Allen nodded. “Good idea. What’s the code for that?”

“Star-six-seven,” Dale said.

“Does that disable the emergency locator, too?”

“Yep. So they say. Mine doesn’t work anyway, so you’re okay.”

Allen punched in the code, then tried calling his fellow mad scientists while Dale drove them down a steep hill into the center of town, but nobody was home at the first two numbers he tried. He tried a third, and a second later he broke into a big grin.
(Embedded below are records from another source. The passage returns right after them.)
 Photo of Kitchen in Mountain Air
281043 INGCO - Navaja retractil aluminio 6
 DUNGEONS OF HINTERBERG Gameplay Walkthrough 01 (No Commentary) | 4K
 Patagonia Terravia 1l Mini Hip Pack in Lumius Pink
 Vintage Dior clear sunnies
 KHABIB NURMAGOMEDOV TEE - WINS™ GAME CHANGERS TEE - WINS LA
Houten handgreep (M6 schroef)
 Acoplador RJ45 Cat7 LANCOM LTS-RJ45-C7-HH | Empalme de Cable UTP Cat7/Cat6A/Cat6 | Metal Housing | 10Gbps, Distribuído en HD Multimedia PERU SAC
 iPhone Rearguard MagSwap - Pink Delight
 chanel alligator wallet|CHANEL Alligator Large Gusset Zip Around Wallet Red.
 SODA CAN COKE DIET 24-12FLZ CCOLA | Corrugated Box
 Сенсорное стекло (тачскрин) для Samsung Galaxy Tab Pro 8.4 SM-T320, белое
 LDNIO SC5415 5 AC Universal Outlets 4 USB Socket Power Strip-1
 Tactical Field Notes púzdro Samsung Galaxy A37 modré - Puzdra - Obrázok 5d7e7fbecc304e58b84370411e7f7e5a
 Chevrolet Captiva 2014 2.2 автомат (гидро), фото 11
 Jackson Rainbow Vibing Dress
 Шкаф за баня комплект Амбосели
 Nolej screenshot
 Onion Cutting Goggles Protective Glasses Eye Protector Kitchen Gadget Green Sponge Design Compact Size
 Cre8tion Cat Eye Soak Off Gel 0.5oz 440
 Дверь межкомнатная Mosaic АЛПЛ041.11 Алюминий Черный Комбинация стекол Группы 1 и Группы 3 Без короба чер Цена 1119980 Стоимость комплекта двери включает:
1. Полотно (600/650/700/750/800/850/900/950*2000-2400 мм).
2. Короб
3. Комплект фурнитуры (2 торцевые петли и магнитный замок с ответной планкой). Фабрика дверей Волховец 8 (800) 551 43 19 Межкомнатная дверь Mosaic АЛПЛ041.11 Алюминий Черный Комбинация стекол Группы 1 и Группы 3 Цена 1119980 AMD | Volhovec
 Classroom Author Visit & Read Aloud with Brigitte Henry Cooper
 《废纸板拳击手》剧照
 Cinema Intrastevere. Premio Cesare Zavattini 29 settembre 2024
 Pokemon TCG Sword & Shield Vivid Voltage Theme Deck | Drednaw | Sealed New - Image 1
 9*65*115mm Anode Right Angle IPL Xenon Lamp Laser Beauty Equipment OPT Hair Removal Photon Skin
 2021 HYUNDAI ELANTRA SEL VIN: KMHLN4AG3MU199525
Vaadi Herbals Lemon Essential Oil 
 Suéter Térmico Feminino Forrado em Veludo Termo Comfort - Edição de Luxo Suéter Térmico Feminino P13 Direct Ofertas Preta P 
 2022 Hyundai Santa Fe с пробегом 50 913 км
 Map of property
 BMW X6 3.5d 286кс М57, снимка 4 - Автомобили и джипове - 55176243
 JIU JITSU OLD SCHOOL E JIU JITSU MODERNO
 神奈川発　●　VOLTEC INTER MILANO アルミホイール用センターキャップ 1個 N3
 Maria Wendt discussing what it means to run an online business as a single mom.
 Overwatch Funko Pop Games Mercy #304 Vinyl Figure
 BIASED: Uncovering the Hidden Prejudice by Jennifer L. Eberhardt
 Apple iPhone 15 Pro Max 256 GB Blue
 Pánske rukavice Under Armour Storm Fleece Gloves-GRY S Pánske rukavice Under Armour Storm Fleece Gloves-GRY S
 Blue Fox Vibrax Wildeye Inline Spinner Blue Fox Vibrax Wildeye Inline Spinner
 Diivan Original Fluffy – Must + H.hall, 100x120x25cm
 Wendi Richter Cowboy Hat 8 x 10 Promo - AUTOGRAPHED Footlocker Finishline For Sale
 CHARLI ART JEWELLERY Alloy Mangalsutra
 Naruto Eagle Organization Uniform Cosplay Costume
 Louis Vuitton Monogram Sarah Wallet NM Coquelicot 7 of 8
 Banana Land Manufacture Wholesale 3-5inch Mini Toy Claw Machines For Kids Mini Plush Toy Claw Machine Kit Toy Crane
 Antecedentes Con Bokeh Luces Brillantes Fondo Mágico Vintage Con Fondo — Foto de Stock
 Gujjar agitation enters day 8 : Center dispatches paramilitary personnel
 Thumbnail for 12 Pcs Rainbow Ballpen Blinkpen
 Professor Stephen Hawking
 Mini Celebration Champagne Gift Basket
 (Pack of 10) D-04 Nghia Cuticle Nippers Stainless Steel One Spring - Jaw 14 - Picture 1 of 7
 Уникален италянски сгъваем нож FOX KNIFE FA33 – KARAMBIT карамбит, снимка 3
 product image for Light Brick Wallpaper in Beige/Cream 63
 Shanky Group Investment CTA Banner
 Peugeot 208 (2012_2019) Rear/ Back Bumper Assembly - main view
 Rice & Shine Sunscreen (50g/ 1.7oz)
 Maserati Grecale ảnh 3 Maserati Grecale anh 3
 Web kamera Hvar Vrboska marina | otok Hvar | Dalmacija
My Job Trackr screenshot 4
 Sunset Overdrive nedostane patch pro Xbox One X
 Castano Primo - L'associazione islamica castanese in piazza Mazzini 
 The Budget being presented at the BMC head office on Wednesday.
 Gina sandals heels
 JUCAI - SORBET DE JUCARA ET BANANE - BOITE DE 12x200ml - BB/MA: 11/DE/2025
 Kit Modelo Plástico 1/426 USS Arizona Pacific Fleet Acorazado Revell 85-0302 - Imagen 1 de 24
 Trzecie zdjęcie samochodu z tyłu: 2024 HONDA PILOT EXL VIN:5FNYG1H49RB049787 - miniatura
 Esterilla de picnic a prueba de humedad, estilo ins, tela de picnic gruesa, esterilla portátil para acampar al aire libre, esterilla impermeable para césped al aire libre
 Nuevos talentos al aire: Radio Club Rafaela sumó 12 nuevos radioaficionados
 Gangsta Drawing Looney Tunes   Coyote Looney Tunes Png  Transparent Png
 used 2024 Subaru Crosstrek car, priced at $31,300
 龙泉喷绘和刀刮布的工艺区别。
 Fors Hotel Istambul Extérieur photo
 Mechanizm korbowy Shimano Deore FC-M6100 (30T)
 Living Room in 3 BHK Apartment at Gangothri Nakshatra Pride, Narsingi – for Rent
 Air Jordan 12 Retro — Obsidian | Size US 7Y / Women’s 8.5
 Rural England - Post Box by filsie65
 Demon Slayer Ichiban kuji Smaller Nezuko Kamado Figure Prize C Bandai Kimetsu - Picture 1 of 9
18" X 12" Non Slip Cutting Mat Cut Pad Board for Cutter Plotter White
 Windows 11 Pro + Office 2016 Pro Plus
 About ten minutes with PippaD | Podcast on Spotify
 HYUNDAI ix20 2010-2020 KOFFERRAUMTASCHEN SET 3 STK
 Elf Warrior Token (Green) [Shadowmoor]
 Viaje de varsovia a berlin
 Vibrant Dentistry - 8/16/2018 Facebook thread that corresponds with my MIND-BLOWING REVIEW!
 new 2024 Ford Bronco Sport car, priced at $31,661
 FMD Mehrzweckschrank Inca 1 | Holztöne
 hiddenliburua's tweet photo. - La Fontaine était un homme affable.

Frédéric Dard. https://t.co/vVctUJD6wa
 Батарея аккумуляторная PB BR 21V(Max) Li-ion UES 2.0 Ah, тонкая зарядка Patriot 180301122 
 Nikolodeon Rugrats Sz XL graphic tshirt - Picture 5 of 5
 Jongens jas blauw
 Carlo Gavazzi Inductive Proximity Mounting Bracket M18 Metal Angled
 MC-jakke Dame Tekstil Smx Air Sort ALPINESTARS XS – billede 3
“Gordy! Hey, Allen here. I… yeah. No, we’re okay. I can’t tell you that. I can’t tell you that, either. Listen, I need some help here. I’m going to have to buy some stuff, and I can’t use my own credit card for obvious reasons. I… yes, we’re going to… no, I really can’t tell you that. Somewhere in Colorado , all right?” He frowned. “Wait a minute. You’ve got federal agents breathing down your neck, don’t you? Don’t bullshit me, Gordy! They’re in the room with you, aren’t they?”

“Hang up!” Judy said.

Allen shook his head. “Listen, tell them… I don’t care about that; tell them it’s too late. The word is out, and by this time tomorrow, we will be, too. Out in space, you dumb shit! Yes, I know what the economic—oh, forget it.” He growled in the back of his throat and punched the phone’s “Off” button.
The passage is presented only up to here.